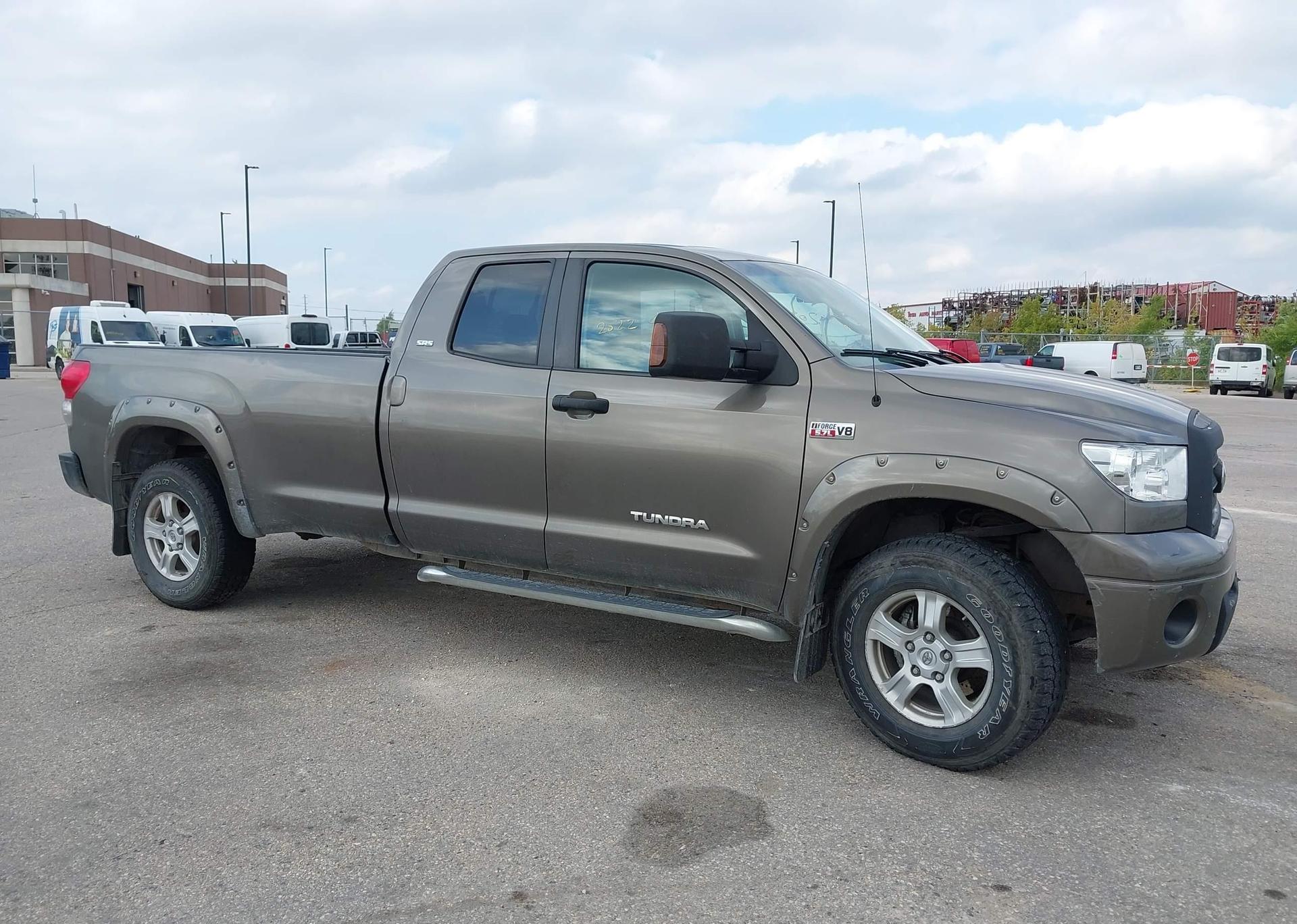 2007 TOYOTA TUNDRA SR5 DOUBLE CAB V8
---
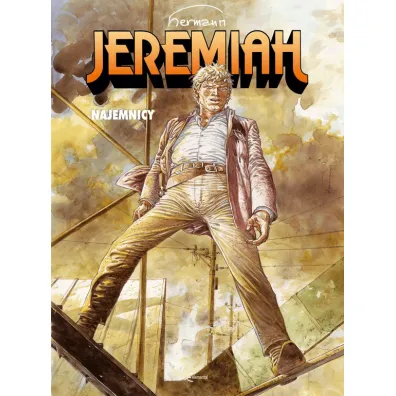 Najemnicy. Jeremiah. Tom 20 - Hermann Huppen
---
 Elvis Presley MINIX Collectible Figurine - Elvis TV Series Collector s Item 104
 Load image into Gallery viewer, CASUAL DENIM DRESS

# EXERCISE
Set down exactly the lines of the data above, beginning with the line that has "Elvis Presley MINIX" and ending with the line that has "Load image into", and no others.

# RESULT
 Elvis Presley MINIX Collectible Figurine - Elvis TV Series Collector s Item 104
 Load image into Gallery viewer, CASUAL DENIM DRESS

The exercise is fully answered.